Kim Jong-Un
Kim Yo Jong, the younger sister of North Korean leader Kim Jong Un, was promoted Saturday at a key meeting of the country's ruling party. Above, Kim Jong Un guides the night assault combat flight drill of fighter pilots of Hero Kil Yong Jo Pursuit Plane Regiment, in this undated photo released by North Korea's Korean Central News Agency in Pyongyang on Dec. 21, 2016. Reuters

North Korean leader Kim Jong Un's 28-year-old sister, Kim Yo Jong, was promoted to the hermit kingdom's top decision-making body by her brother, reports said Sunday citing the state media.

This move by Kim signals he is strengthening his position in the country's political circles by pushing his most important people to the center of power, a Reuters report that cited experts and officials, suggested.

Yo Jong and Kim were born to the same mother — Ko Yong Hui, a Japanese-born former dancer. Yo Jong was made the deputy director of the Propaganda and Agitation Department of the Workers' Party in 2014. Since then, her political profile has been rising, CNN reported.

Like other members of the Kim clan, not much is known about Yo Jong. According to North Korea Leadership Watch — a website focusing on North Korea’s the Democratic People's Republic of Korea (DPRK) leadership — when the succession planning of the Kim family was underway, a significant role for Yo Jong was reserved.

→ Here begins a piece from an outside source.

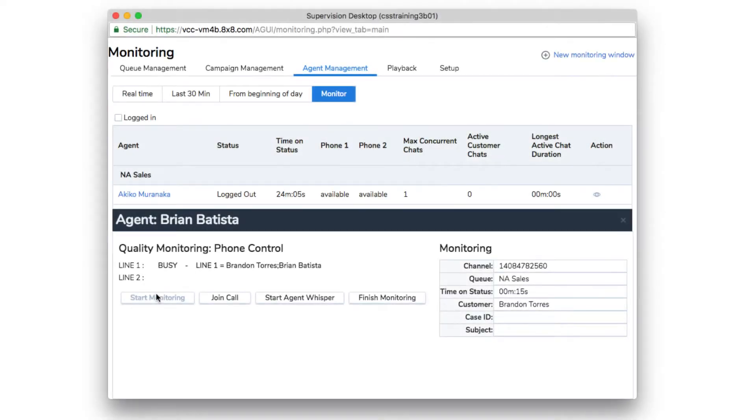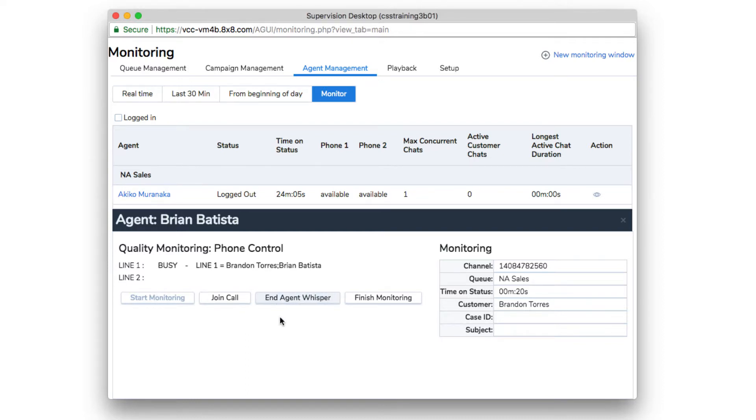If you wish to speak privately with the agent without alerting the third party, you can use the whisper function. When finished speaking with the agent, select End Agent Whisper.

Here are some riveting facts about Kim's younger sister:

1. Yo Jong was born Sept. 26, 1987, and is the youngest child from Kim Jong Il’s relationship with Yong Hui, who was the consort of the former North Korean supreme leader.

2. Yo Jong was raised primarily in Ko's residence on Ch'angkwang Hillin in central Pyongyang, along with her older brothers — Kim Jong Chol and Kim. The family was largely hidden away behind the walls of residential compounds.

3. Between 1996 and 2000, she attended an elementary school, which was close to where Kim studied, under the name “Kim Yo’ ng-sun."

4. Yo Jong’s whereabouts and activities until 2007 were not known. However, at that time, she had attained an educational level so as to be appointed as a junior cadre in the central party, working under her family members.

5. During 2009 and 2010, Yo Jong started helping Kim to establish hereditary succession campaign.

6. Since Kim's succession to the supreme leadership of the DPRK, she has been often observed attending brother's public appearances. She is usually seen in an olive green jacket, which is commonly worn by the reporters and photographers that document Kim's on-site visits and military field inspections.

Yo Jong's promotion to an alternate member of the politburo — the country’s top decision-making body — is seen in a positive light by experts, The Guardian reported.

Experts say Yo Jong is her brother's replacement for his aunt, Kim Kyong Hui, who was a member of his father’s inner circle but does not have an active role in the new regime, according to The Guardian. “Through the personnel reshuffle, the Kim Jong Un regime has ended its co-existence with the remnants of the previous Kim Jong Il regime by carrying out a generational replacement in the party’s key elite posts,” Kim Yong Hyun, a professor of North Korean studies at Dongguk University in Seoul, told Yonhap news agency.